An Adventure of Incredible Proportions.
|Aspect Ratio:||1.85:1 (XWide)|
|Certificate:||– Parental guidance|
|Subtitles:||This film is not expected to be subtitled, though this cannot be guaranteed.|
Lt. Tuck Pendleton (Dennis Quaid), in a revolutionary experiment, is miniaturised and will be injected in his ship into the body of a rabbit. However, as you may expect, something goes wrong. In this case it is a group of terrorists who break into the laboratory in an attempt to steal the technology. Luckily, one of the scientists escapes only to inject Tuck into the body of hypochondriac Jack Putter (Martin Short) before he is killed. Tuck is then posed with the problem of alerting Jack to his presence from inside Jack's body and recovering the technology which will allow him to escape back into the normal sized world before the terrorists discover his whereabouts and he runs out of oxygen, along the way recruiting the help of his girlfriend, played by Meg Ryan.
With deliciously stereotyped villains with names like Victor Eugene Scrimshaw and Mr. Igoe bent on world destruction, Innerspace is perfect 80s entertainment. Made at a time when Hollywood was constantly guessing what would be the next big threat after nuclear weapons, the film's gleeful approach to miniaturisation showcases some stunning special effects which, while jaw dropping at the time, winning an Academy Award, now offer fond nostalgia back to when effects did not pretend to be completely lifelike, yet were more believable than modern day photo realistic attempts.
Combining Quaid's All-American wholesomeness with Short's delightfully quirky facial expressions the film appeals to everyone, encapsulating the spirit of the 1980s mixed with an almost childlike excitement in anticipation of what the future holds. Gremlins and Small Soldiers director Joe Dante once again uses anarchic effects to showcase a film of sly wit that pokes fun at the science fiction genre.
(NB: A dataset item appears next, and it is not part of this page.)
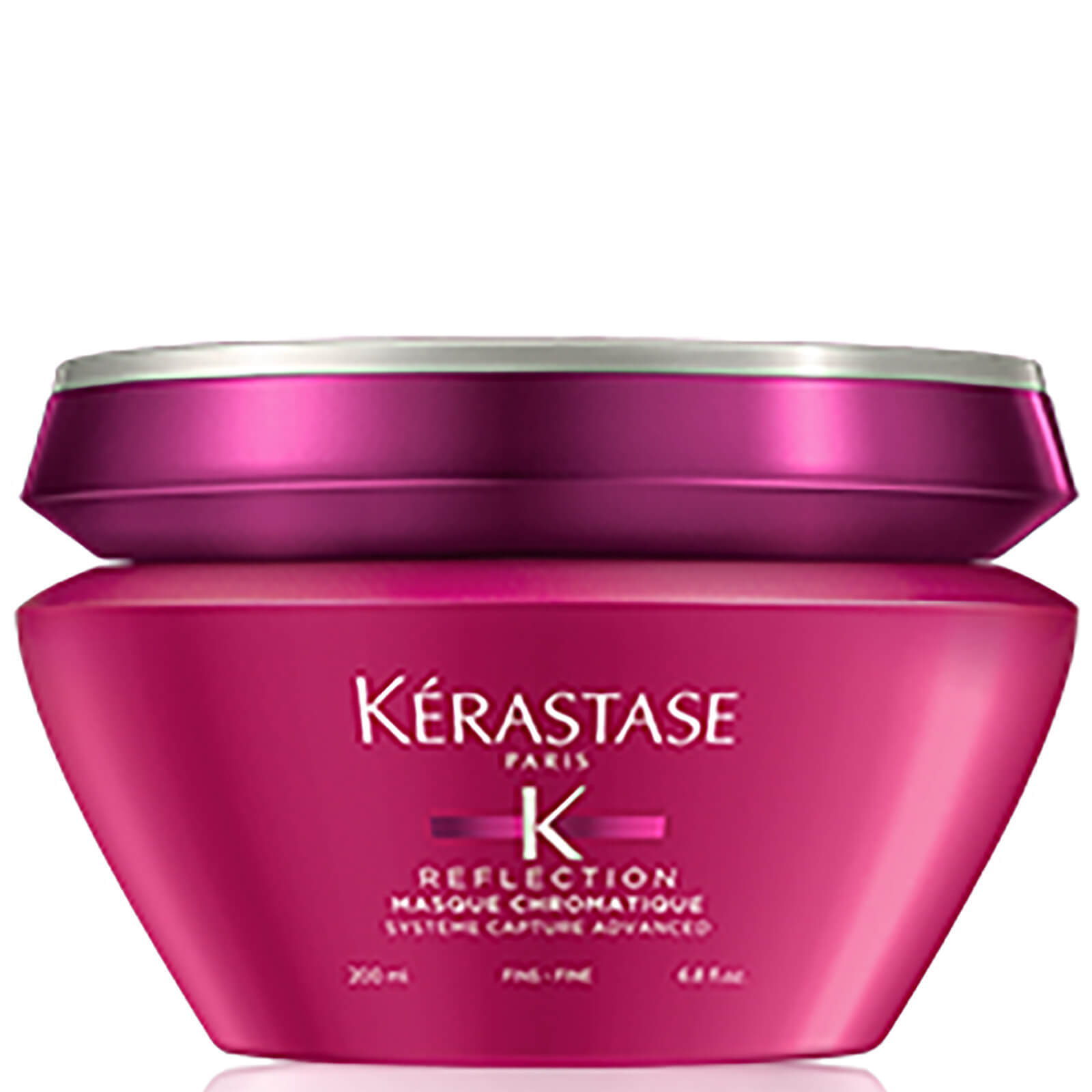 Social Kérastase reflection masque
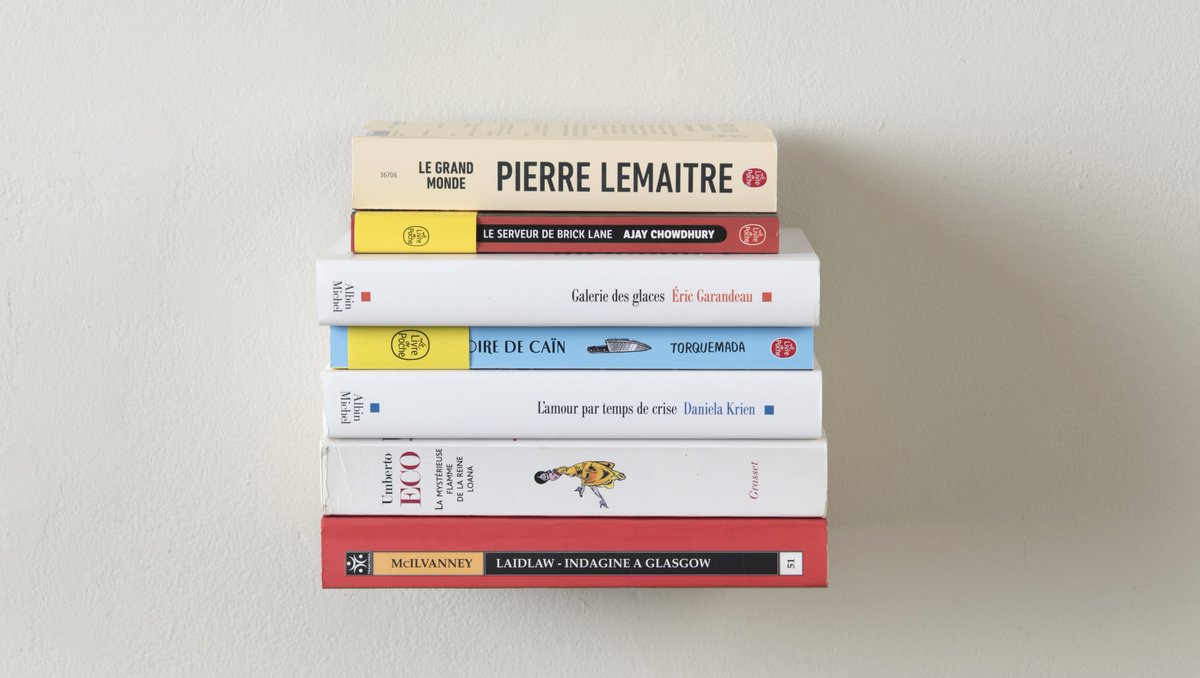 TEEbooks_'s tweet photo. Nouveauté !!! 🧨⁠
⁠
Petites mais solides, nos nouvelles étagères pour présenter vos livres de façon plus esthétique et en ayant pour but de faire de vos livres la première chose que l'on remarque chez vous. 📚⁠ https://t.co/WtKa1UWJ48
As an updated version of the 1966 classic The Fantastic Voyage, the film comes across as a thoroughly enjoyable adventure. It has lost none of its charm or quality and now represents everything that was good about late 80s Hollywood. Like Back to the Future, Innerspace does not pretend to be anything other than pure escapist fun, a quality which the manufactured, merchandising tie-in films Hollywood churns out now could learn a lot from.